__What you should do__.
Using the entries that follow, transcribe only the lines from the line with "Feder Ear Jackets/14K" to the line with "2 Carat Moissanite", both included, exactly as they stand and without pictures.

__Given records__.
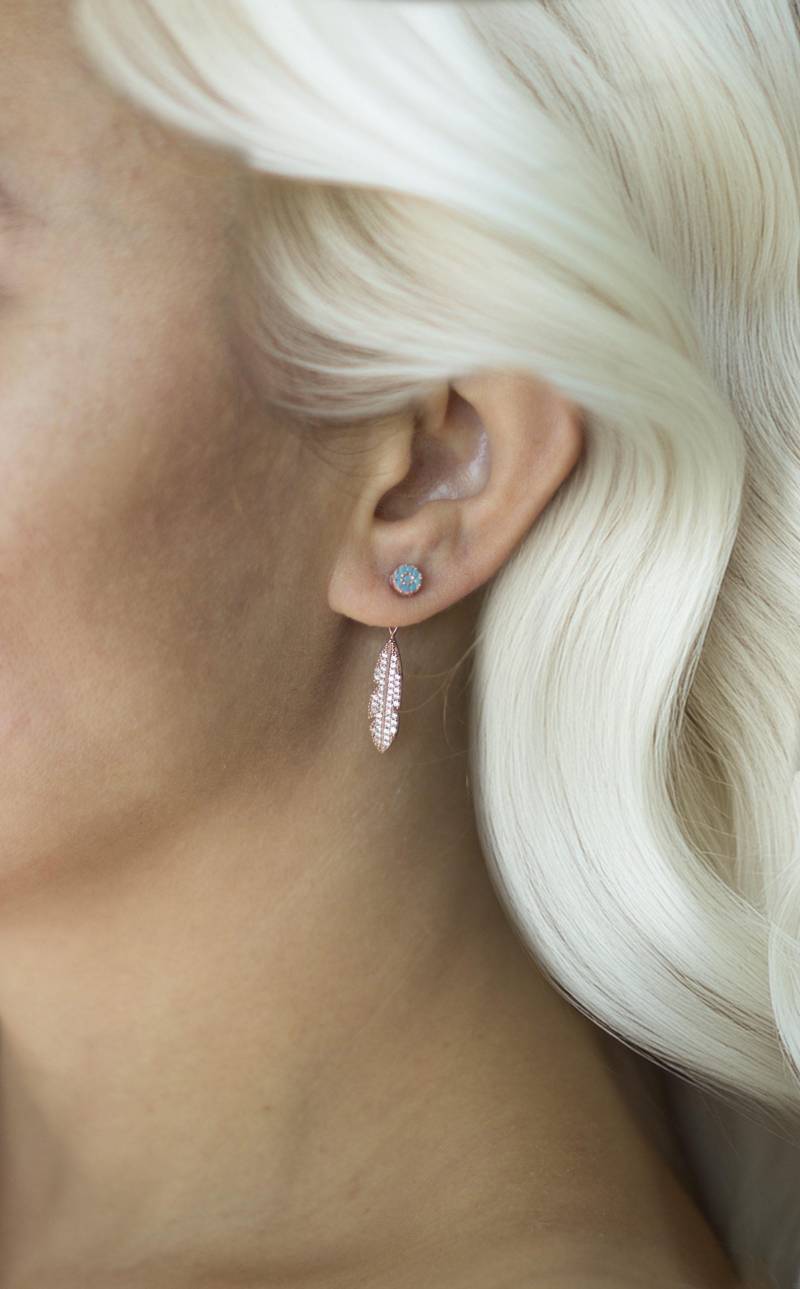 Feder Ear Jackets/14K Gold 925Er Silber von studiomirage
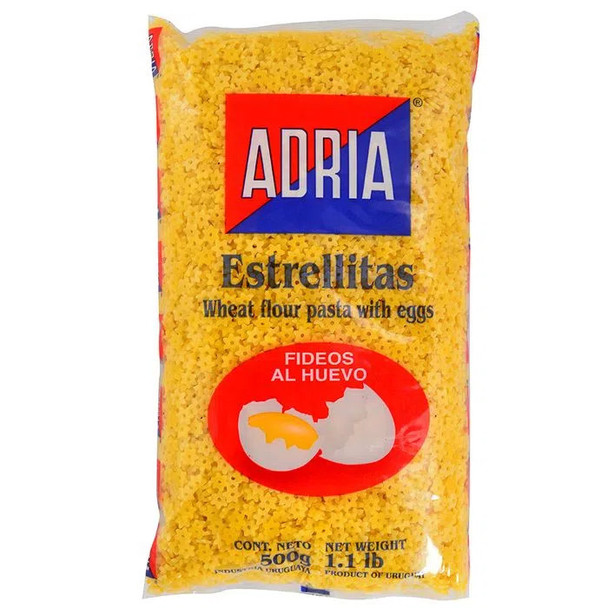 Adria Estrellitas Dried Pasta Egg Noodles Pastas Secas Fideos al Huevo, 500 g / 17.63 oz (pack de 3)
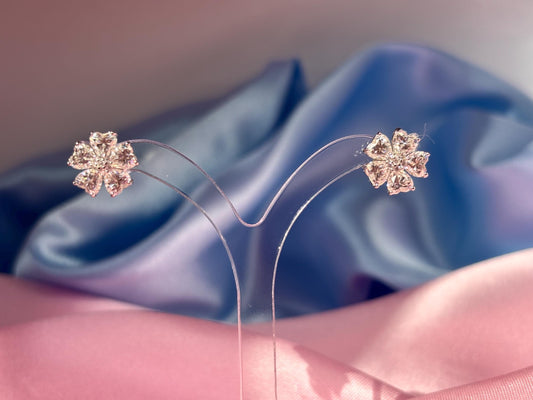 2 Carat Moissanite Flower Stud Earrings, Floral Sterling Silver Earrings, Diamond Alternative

==

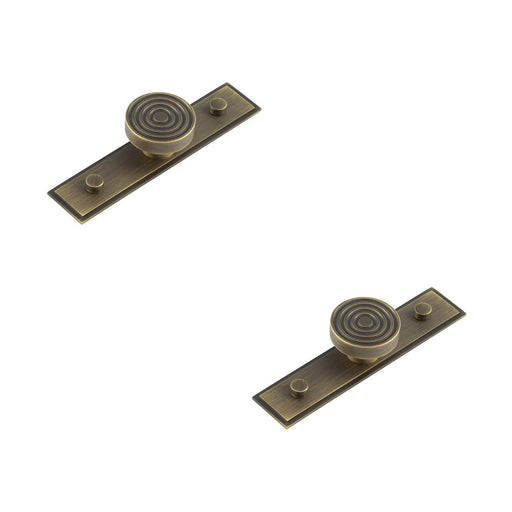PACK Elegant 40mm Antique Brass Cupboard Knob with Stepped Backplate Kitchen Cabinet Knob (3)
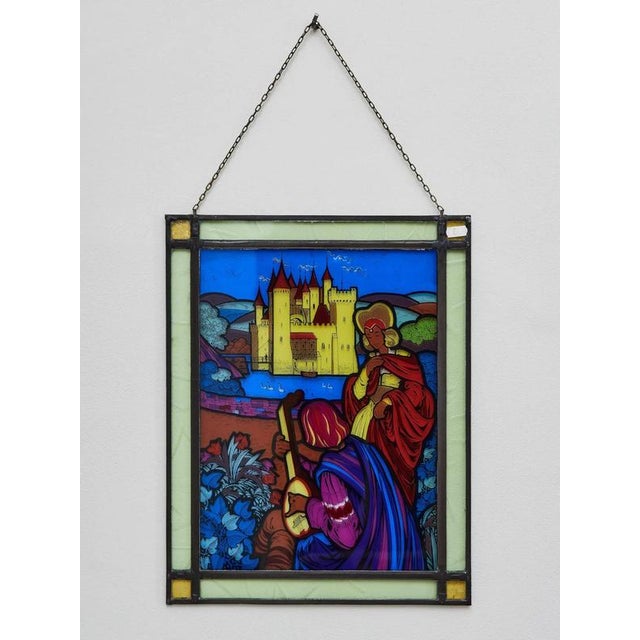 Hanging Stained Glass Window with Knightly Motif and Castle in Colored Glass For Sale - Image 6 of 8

==

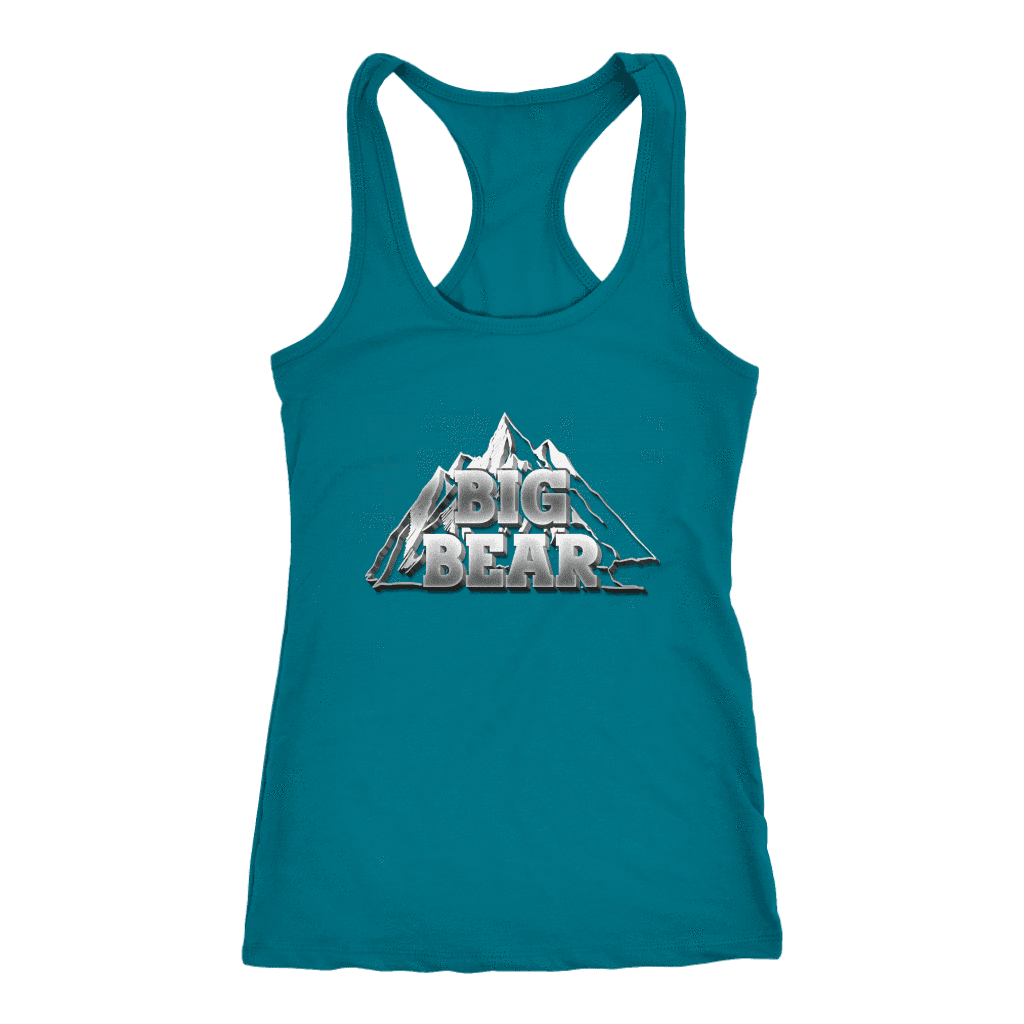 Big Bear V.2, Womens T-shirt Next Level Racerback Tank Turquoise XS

__Answer section__.
 Feder Ear Jackets/14K Gold 925Er Silber von studiomirage
 Adria Estrellitas Dried Pasta Egg Noodles Pastas Secas Fideos al Huevo, 500 g / 17.63 oz (pack de 3)
 2 Carat Moissanite Flower Stud Earrings, Floral Sterling Silver Earrings, Diamond Alternative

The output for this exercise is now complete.